Reinforcement Learning Based on Equivalent Consumption Minimization Strategy for Optimal Control of Hybrid Electric Vehicles

Hybrid electric vehicles, operated by engines and motors, require an energy management strategy to achieve competitive fuel economy performance. The equivalent consumption minimization strategy is a well-known algorithm that can be employed for the energy management of hybrid electric vehicles, based on the concept of the equivalent cost of fossil fuels and electric battery energy. However, in the equivalent consumption minimization strategy approach, a parameter called the equivalent factor should be determined to obtain the optimal control policy. In this study, reinforcement learning based approaches are proposed to determine the equivalent factor.

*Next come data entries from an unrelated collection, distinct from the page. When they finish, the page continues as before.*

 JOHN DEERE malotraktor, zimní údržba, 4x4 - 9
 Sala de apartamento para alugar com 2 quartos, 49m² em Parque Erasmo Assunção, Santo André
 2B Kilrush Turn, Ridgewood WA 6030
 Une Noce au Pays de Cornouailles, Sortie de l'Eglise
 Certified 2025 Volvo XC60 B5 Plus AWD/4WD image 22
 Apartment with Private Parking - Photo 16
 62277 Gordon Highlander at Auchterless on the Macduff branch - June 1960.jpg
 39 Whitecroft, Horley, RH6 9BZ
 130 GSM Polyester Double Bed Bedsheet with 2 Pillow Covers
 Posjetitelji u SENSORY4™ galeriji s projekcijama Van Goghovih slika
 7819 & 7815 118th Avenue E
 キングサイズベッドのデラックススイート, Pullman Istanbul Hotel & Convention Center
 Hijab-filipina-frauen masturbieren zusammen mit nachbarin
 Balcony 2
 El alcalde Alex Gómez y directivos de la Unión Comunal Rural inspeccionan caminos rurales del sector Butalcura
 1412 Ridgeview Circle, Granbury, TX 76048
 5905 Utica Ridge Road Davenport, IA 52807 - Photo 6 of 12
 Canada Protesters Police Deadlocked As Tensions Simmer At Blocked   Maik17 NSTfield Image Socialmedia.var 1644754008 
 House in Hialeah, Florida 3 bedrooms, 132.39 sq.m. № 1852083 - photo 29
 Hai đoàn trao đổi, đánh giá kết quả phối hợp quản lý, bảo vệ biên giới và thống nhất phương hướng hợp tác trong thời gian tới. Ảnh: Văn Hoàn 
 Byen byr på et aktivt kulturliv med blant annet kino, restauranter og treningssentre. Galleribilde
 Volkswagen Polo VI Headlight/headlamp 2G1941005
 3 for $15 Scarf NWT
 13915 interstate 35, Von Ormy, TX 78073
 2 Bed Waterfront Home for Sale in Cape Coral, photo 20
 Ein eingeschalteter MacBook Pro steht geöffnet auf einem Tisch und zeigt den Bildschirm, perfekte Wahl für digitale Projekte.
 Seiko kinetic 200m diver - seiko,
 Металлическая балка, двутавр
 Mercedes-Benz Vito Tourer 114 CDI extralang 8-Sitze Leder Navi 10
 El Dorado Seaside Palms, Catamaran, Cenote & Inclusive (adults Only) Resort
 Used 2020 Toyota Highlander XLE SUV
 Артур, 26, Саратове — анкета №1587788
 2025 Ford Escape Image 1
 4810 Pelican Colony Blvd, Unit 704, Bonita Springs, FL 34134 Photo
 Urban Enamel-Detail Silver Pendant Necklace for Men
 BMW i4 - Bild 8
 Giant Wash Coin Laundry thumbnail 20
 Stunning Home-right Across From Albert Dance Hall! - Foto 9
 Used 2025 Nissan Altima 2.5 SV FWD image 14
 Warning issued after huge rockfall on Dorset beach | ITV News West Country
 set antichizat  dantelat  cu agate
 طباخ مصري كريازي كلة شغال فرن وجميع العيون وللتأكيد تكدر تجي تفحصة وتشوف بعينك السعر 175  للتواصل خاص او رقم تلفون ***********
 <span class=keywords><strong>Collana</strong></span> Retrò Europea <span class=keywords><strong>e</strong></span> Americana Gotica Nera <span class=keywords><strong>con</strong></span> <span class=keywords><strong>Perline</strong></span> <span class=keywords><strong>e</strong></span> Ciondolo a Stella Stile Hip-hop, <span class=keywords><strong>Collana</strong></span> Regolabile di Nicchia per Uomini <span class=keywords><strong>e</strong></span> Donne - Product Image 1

First, we show that the equivalent factor can be indirectly extracted from the reinforcement learning results, using the control action from reinforcement learning for the specific driving cycle. In addition, a novel approach that combines reinforcement learning and the equivalent consumption minimization strategy is proposed, where the equivalent factor is determined based on the interaction between the reinforcement learning agent and driving environment, while the control input is decided by the equivalent consumption minimization strategy based on the determined equivalent factor. A model-based reinforcement learning method is used, and the proposed method is validated for vehicle simulation using a parallel hybrid electric vehicle. The simulation results show that the proposed method can achieve a near-optimal solution, which is close to the global solution obtained with the dynamic programming approach (96.7% compared to dynamic programming result in average), and improved performance of 4.3% in average compared with the existing adaptive equivalent consumption minimization strategy.